Recuerdo olvidado, es lo vivido; cuando apenas caminaba, dando
tumbos. Como cada quien lo hizo en su momento. Y proclamó la
libertad, de oficio. Sin pedirle nada a nadie. Por si misma, fue
descubriendo lo necesariamente justo para no sumergirse en el
abismo. Superando la ignorancia, acerca de la vida y de sus
expresiones. No en vano pasaron las primeras ilusiones. Tan
recortadas, como autoritarios fueron los mandatos.
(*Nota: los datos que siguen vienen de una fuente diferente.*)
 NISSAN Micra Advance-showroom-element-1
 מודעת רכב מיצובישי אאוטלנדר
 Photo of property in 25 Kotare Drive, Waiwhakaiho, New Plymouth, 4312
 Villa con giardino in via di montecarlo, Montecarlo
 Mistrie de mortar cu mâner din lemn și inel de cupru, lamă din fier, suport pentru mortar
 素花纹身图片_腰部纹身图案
Y que decir tiene los ensayos. Para alcanzar el conocimiento, de las
cosas y sus orígenes. Como la Escuela me fue formando en sinónimos
y valores, al menos eso dijo ella, Valentina. El mismo día en que, a
borbotones, vio que el agua viajó. Que no le encontró explicación al
rugir de las tormentas. Pero que, después, vio y sintió los golpes. A
cada rato. Uno y otro. Mama y papá, abriéndose camino, como
ejemplares sucedáneos. De lo habido y por haber. De destapar lo
escondido. Y que no querían ver. La vida dando tumbos. O él y ella,
dando tumbos en la vida. Lo mismo daba y da, aún ahora.
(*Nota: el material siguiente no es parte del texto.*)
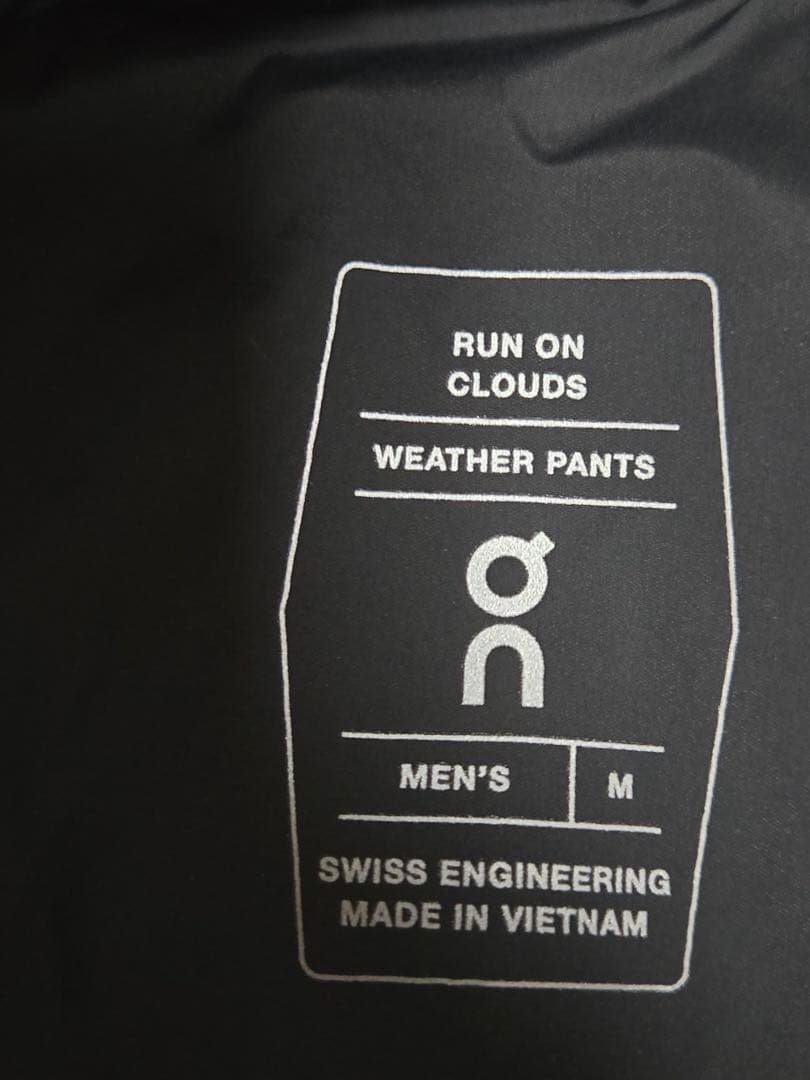[ On オン ランニング パンツ ] 　Weather Pants Mサイズ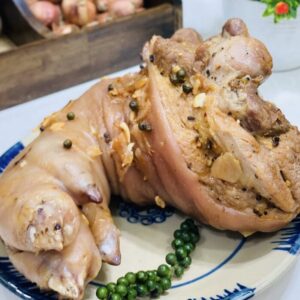 Chân giò hấp mắn nhỉ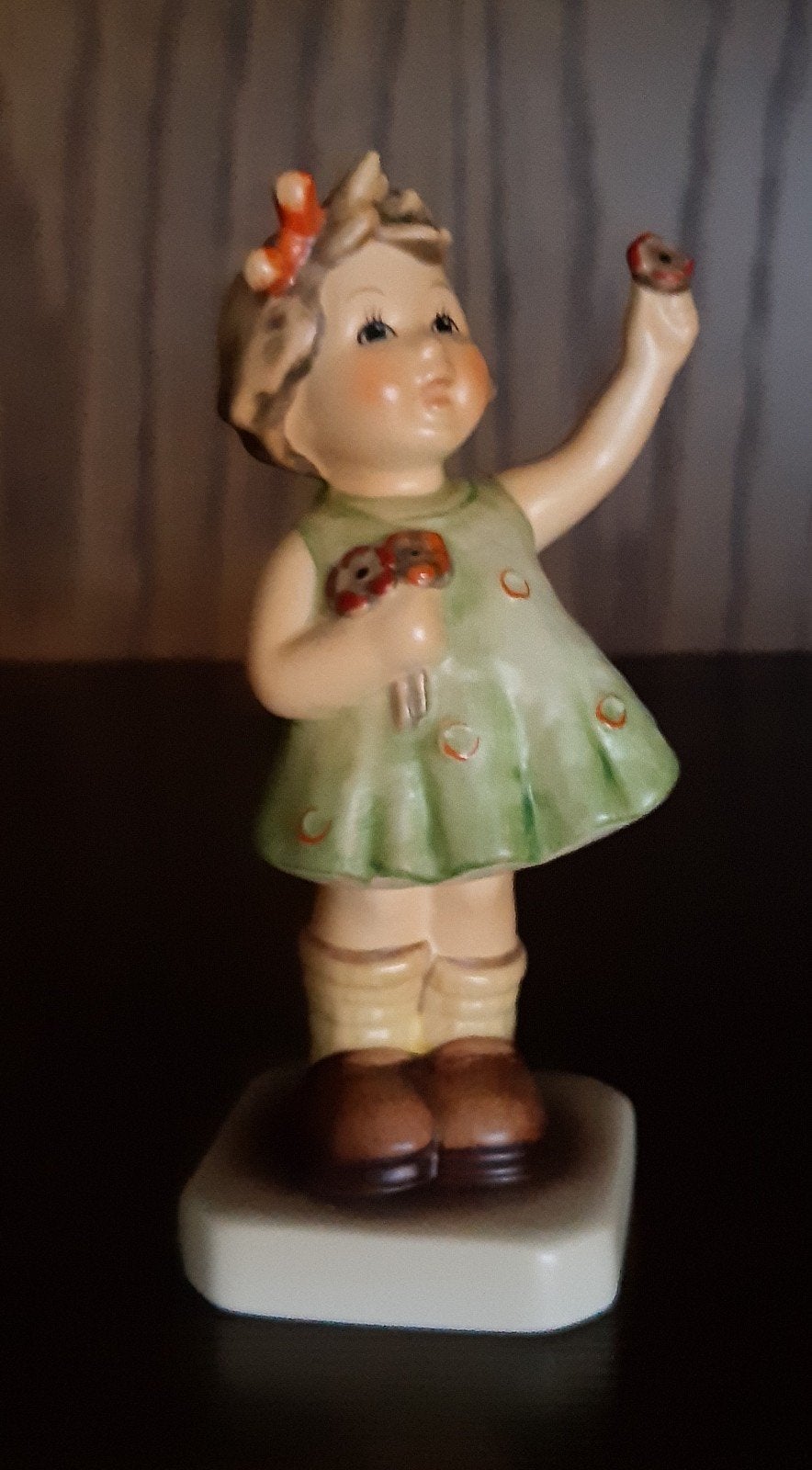 Goebel Hummel Beeldje - "Forever Yours" (#793), Verzamelen, Ophalen, Hummel
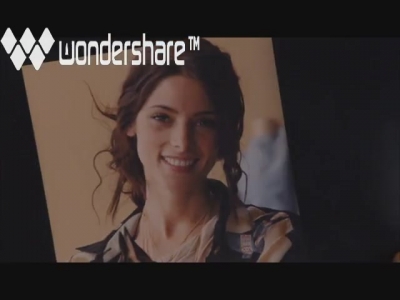 Ashley-Greene-dot-nl-Americana1x01Pilot1449.jpg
Y que, yo Valentina, estuve en ese sitio, cuando me encontró Wilfrido.
Y que me cantó, recién cumplidos los trece. Y que, yo Valentina,
navegué los mares de la desilusión. Y que fui embarcada en
contenedores. Y llevada, a través de esos mismos mares, a París y a
Roma. Y que, una vez allí, vi explotar todo lo mío. Volando en mil
pedazos lo único que tenía, no tocado.
Y que, cuando fui creciendo fui enajenada. Fui vertida en mil lugares. Y
que, cuando me negaba a seguir, fui violentada. Y fui sometida a
rigores no hablados, estando ahí. No difundidos, a pesar de no ser ya
solo el mío, sino el de todas las Valentinas, por doquier. Y me hice
traductora de dolores y afugias. Y vi venirse el mundo encima. De unas
y otras. Y que, en creciendo, los lapidadores, fueron universalizando el
ejemplo. La propuesta y la acción.

Y volví no sé qué día, volé a los altares. De una fama no antes vista.
Altares de sumisión perenne. Antes de mí. Antes de mi madre. Antes
de todos y de todas. Venales ejercicios permitidos. O, por lo menos,
encubiertos. Normas difuminadas al soplo. Como queriendo decir que
se van a ejercer castigos. Pero que, no más firmadas, se diluyen en el
inmediato entorno del aire que se esparce. Y, como si nada, emerge
aquí y allá, otra vez la vulneración. Otras Valentinas vuelven al
suplicio. Y sus opciones son, de nuevo degradadas, en ese ejercicio
inmenso, aterrador.

Y nosotros y nosotras aquí. Recreando en corto escenario, lo
impúdico. Y, ella, vuelve a sus trece. Siendo ya niña vieja. Como
añorando el canto a la ramera, de Manolo Galván. Como retrotrayendo
a las niñas viejas de antes.

Y Valentina, sigue recordando a padre y madre, en esos soliloquios
propios de quienes se acostumbraron a ver el mundo por la ventana
más estrecha. En uso de unas ilusiones que no tuvieron. Mirando lo
que no pudieron ver. La libertad. Ajena a todos y a todas. Horizonte
asfixiado, lúgubre. Hechizos enfermizos. Scherezada reinventada, de
tanto contar lo que no se debe contar. Una alegría no más. Cuando, en
vientre, sintieron hablar. Madres que balbuceaban “te amo”. Pero

Sin extender la voz en el tiempo. Sin que permanecieran las palabras.
Al garete volaron y se perdieron.

Mi Valentina. La niña que se hizo vieja a los trece. Que no pudo vivir la
vida en libertad y la ilusión primera, reconfortante. Más bien, otorgando
un legado a quienes vienen atrás. Valentinas, Julianas, Tanias…todas
a merced de lo que las normas dicen y desdicen. De dichas apagadas.
Ahí, a pie de boca. Como niñas yunteras, trasgrediendo en género, el
canto de Serrat. Oyendo, en lejano, el “que va a ser de ti lejos de casa,
niña que va a ser de ti”. Escuchando, en ignoto el homenaje a
Valentina, de Isabel Parra y de Ángel Parra.
Y, ella, sigue diciendo que, quiere volar a ras de tierra. Encontrarse con
el mar, como Alfonsina Storni. Como queriendo indicar que ya no va
más. Esa vida atormentada. Ensañamiento brutal. Pérfidos mandarines
venidos a menos. Como diciendo que no quiere volver. Ni a ver el Sol.
Ni a añorar a la vieja Luna nuestra y de todos y todas. Como queriendo
decir, hasta aquí mi vida. Hasta aquí yo. Hasta aquí mi tristeza.